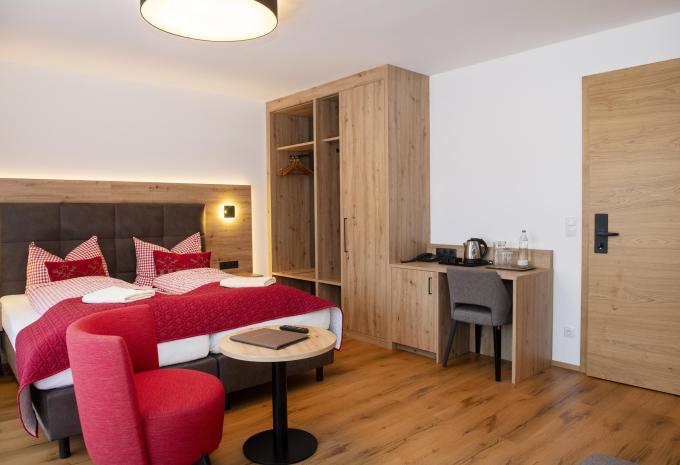 Zimmerbeispiel, Deluxe Doppelzimmer Balkon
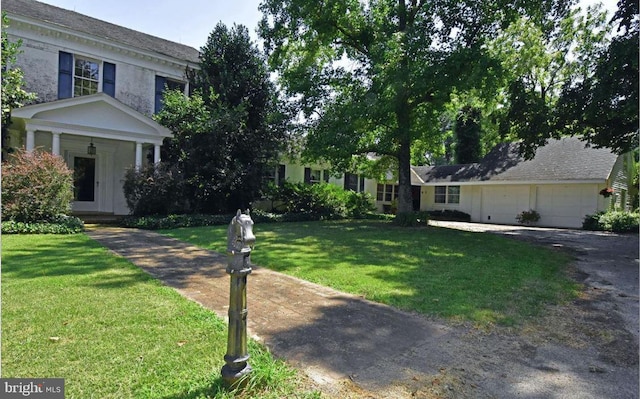 view of front of home featuring a front lawn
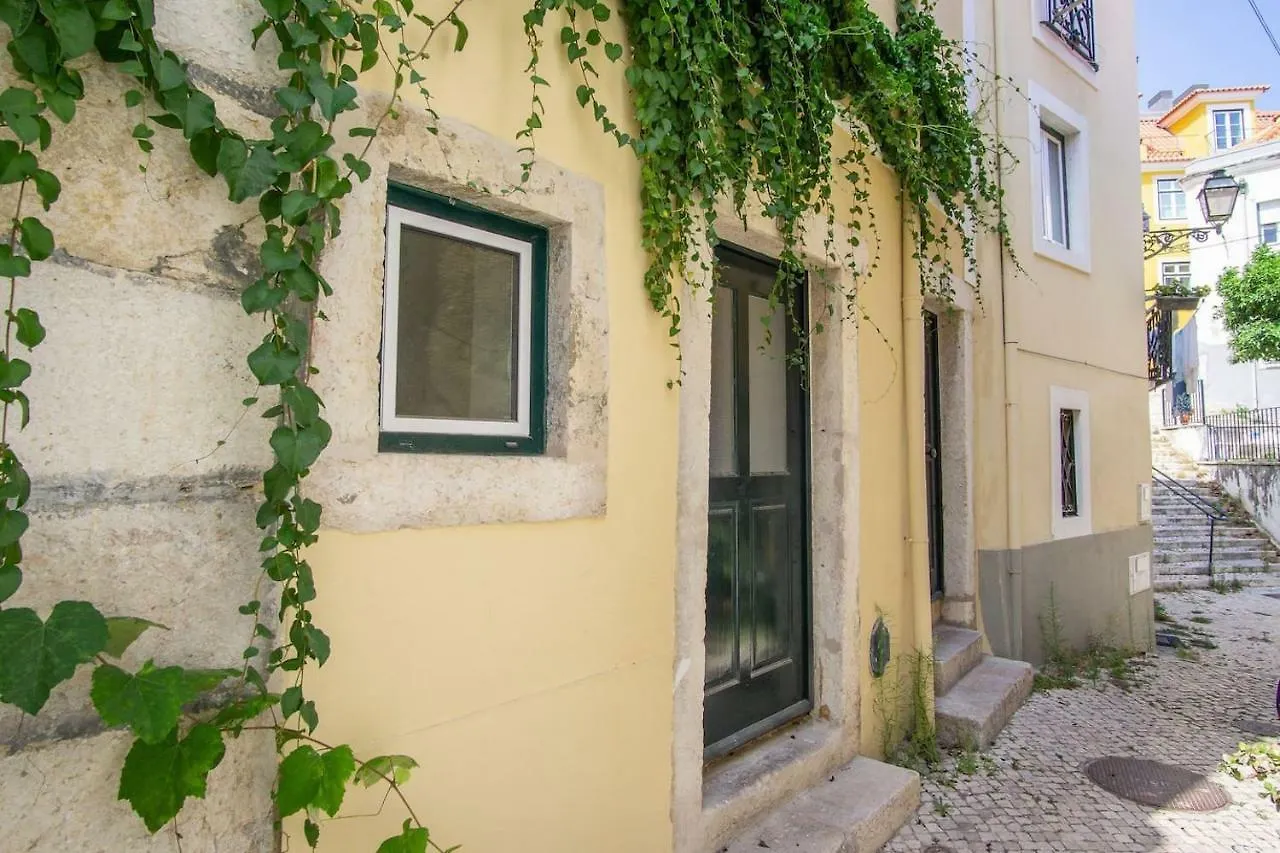 Lovelystay - Traditional Alfama View Lisbon Apartment
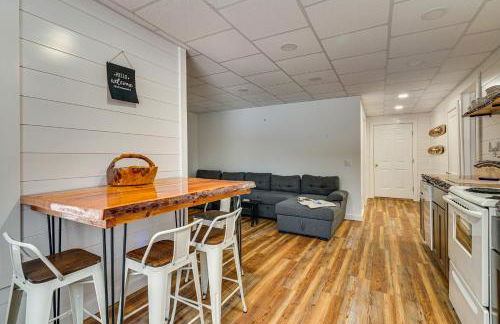 Great for Gatherings! Lakefront Ticonderoga Villa - Foto 38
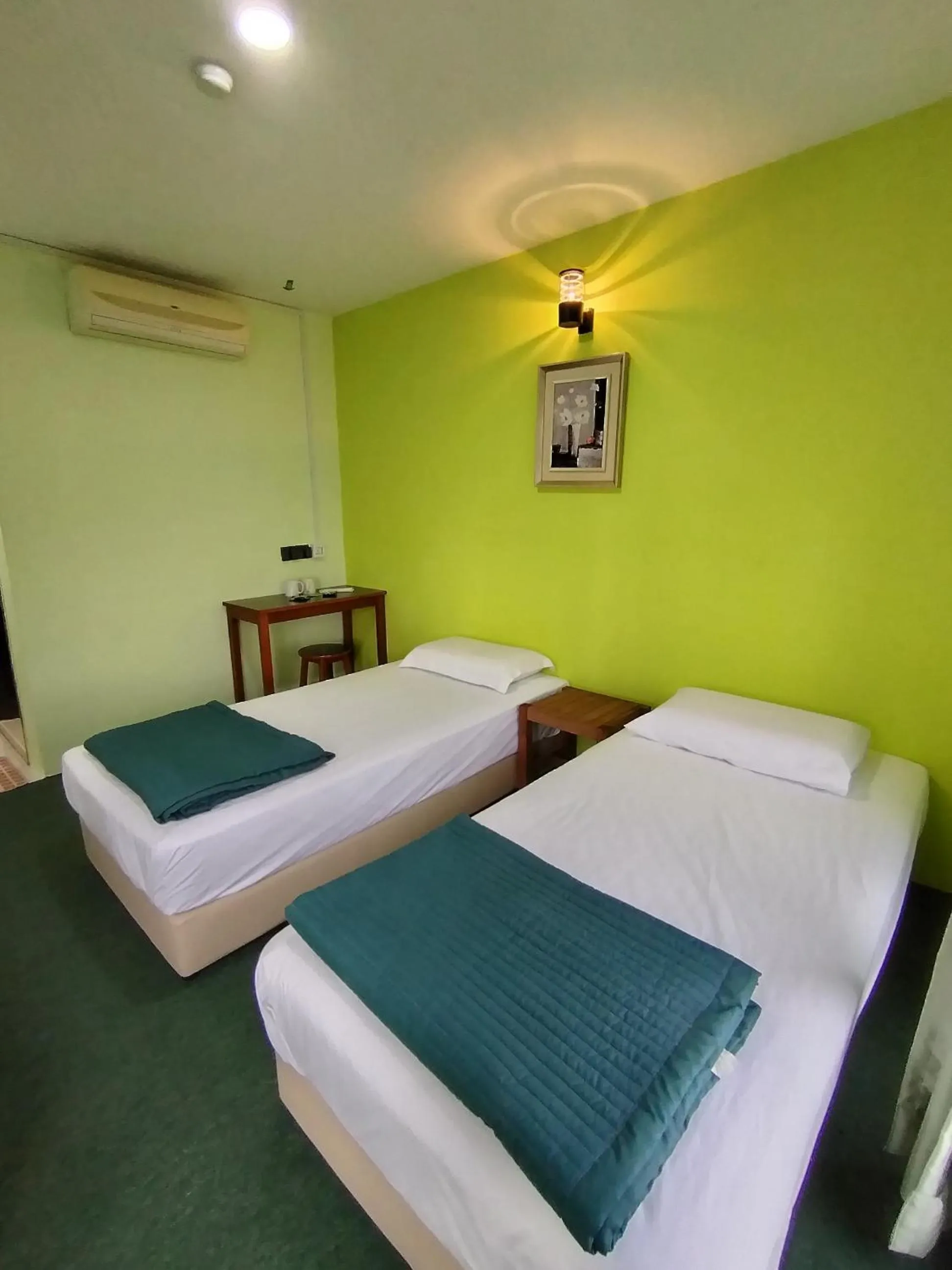 Photo of the whole room, Bed in Hotel O Seremban Near SnowLim Wonderland Formerly M&N Hotel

++++++

■ **Task directions**
From the first line to the last, output the records exactly without pictures.

■ **Solution**
 Zimmerbeispiel, Deluxe Doppelzimmer Balkon
 view of front of home featuring a front lawn
 Lovelystay - Traditional Alfama View Lisbon Apartment
 Great for Gatherings! Lakefront Ticonderoga Villa - Foto 38
 Photo of the whole room, Bed in Hotel O Seremban Near SnowLim Wonderland Formerly M&N Hotel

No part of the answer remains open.